Brief descriptive captions:
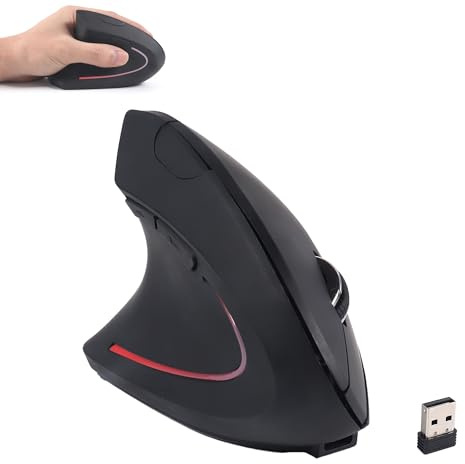 Wireless Mouse Ergonomic Left Handed Vertical Mouse with USB Receiver LED Light 6 Buttons 2.4GHz Optical Portable Rechargeable Computer Mice for Laptop PC Desktop Notebook Kids Adults Gifts (Black)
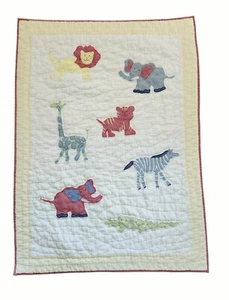 Pottery Barn Kids Crib Quilt Blanket 34"x49" Appliqué Alligator Elephants Safari - Picture 1 of 15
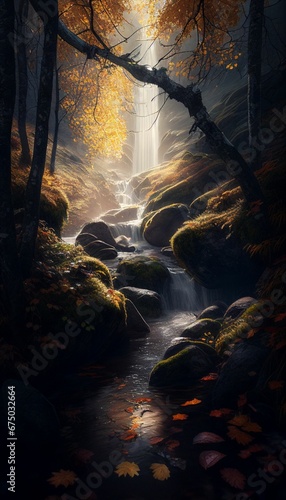 AI-generated illustration of a small stream in the forest.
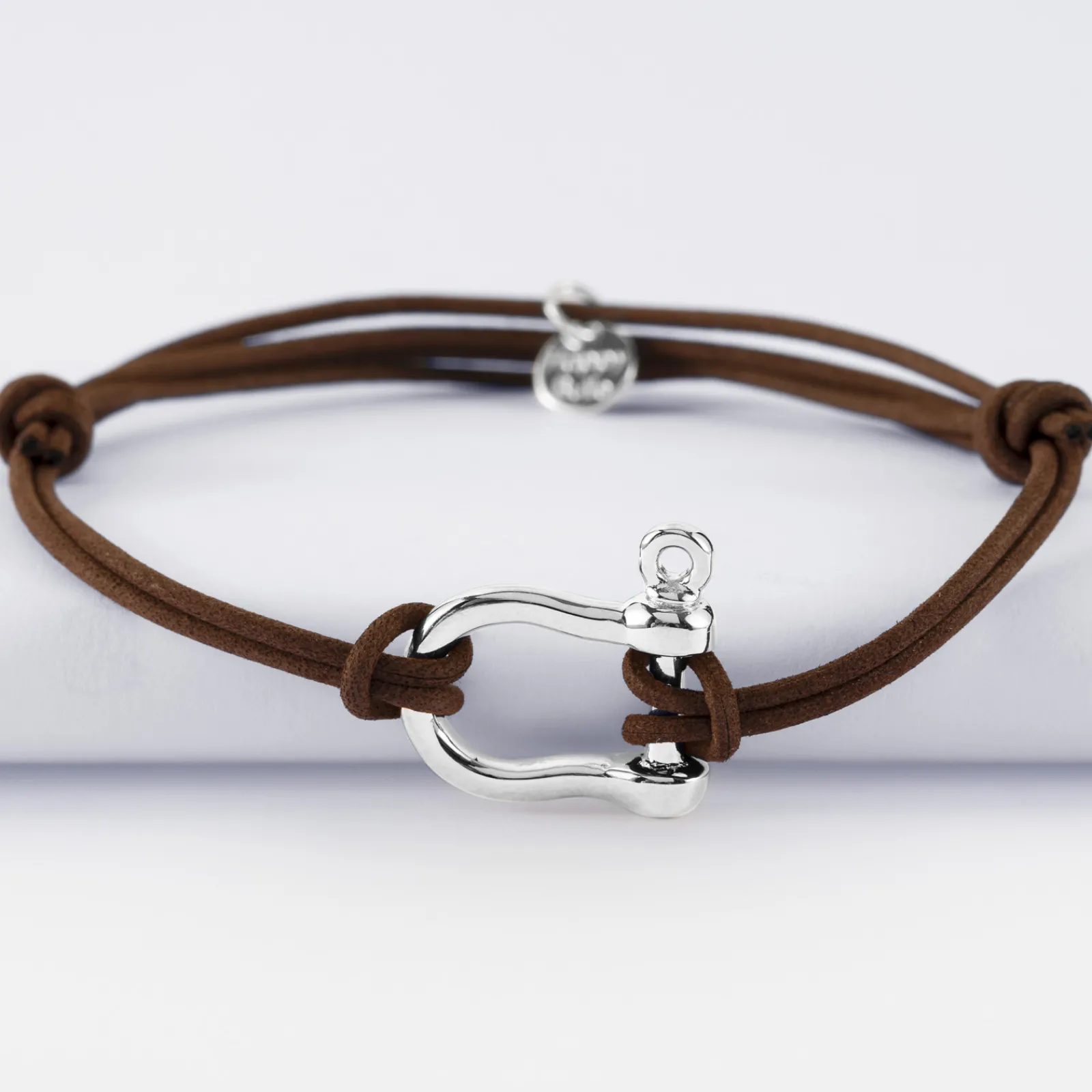 Hot HappyBulle Bracelet homme cordon cuir double manille argent 20 mm Argent rhodié 925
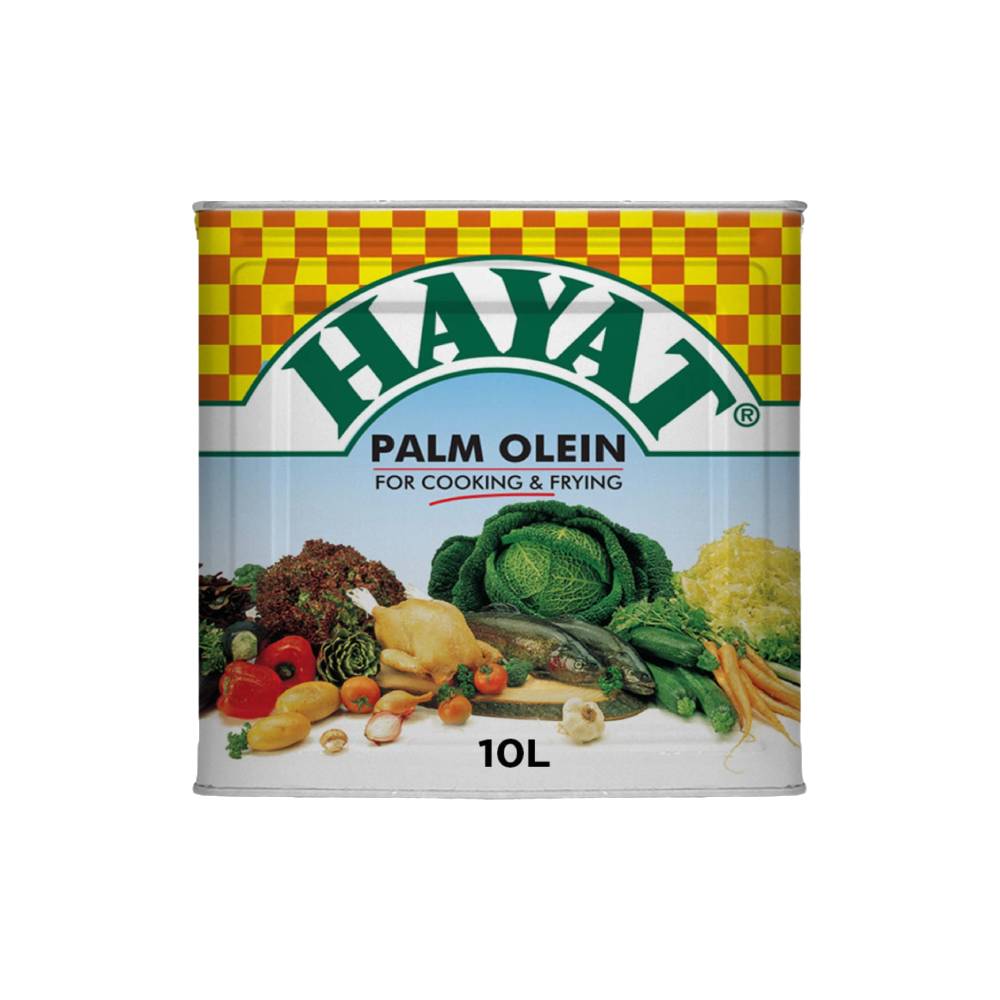 Front view of Hayat Vegetable Oil Tin – 10Ltr, ideal for bulk cooking and frying, rich in essential fats.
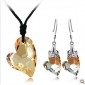 Champagne Diamond Two Pieces Heart Shape Jewelry Sets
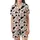 Cute Cartoon Style Fans' Cream Off-White Black Cow Print, Pink Cartoon Cow Faces & 'Sweet Milk' Pattern Satin Short-Sleeve Pajamas Set - 2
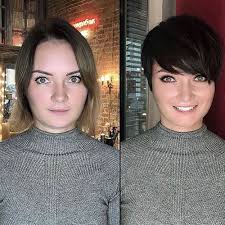 This kind of style will break up the soft round curves of a round face a sleek, long side bang tucked behind your ear will mirror the roundness and shortness of your face. 20 Short Pixie Cuts For Round Faces Short Haircut Com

TASK REQUIREMENTS:
Only one thing is wanted here, an exact copy of the lines from the first line above through the line containing "Champagne Diamond Two", minus any picture.

TASK SOLUTION:
 Wireless Mouse Ergonomic Left Handed Vertical Mouse with USB Receiver LED Light 6 Buttons 2.4GHz Optical Portable Rechargeable Computer Mice for Laptop PC Desktop Notebook Kids Adults Gifts (Black)
 Pottery Barn Kids Crib Quilt Blanket 34"x49" Appliqué Alligator Elephants Safari - Picture 1 of 15
 AI-generated illustration of a small stream in the forest.
 Hot HappyBulle Bracelet homme cordon cuir double manille argent 20 mm Argent rhodié 925
 Front view of Hayat Vegetable Oil Tin – 10Ltr, ideal for bulk cooking and frying, rich in essential fats.
 Champagne Diamond Two Pieces Heart Shape Jewelry Sets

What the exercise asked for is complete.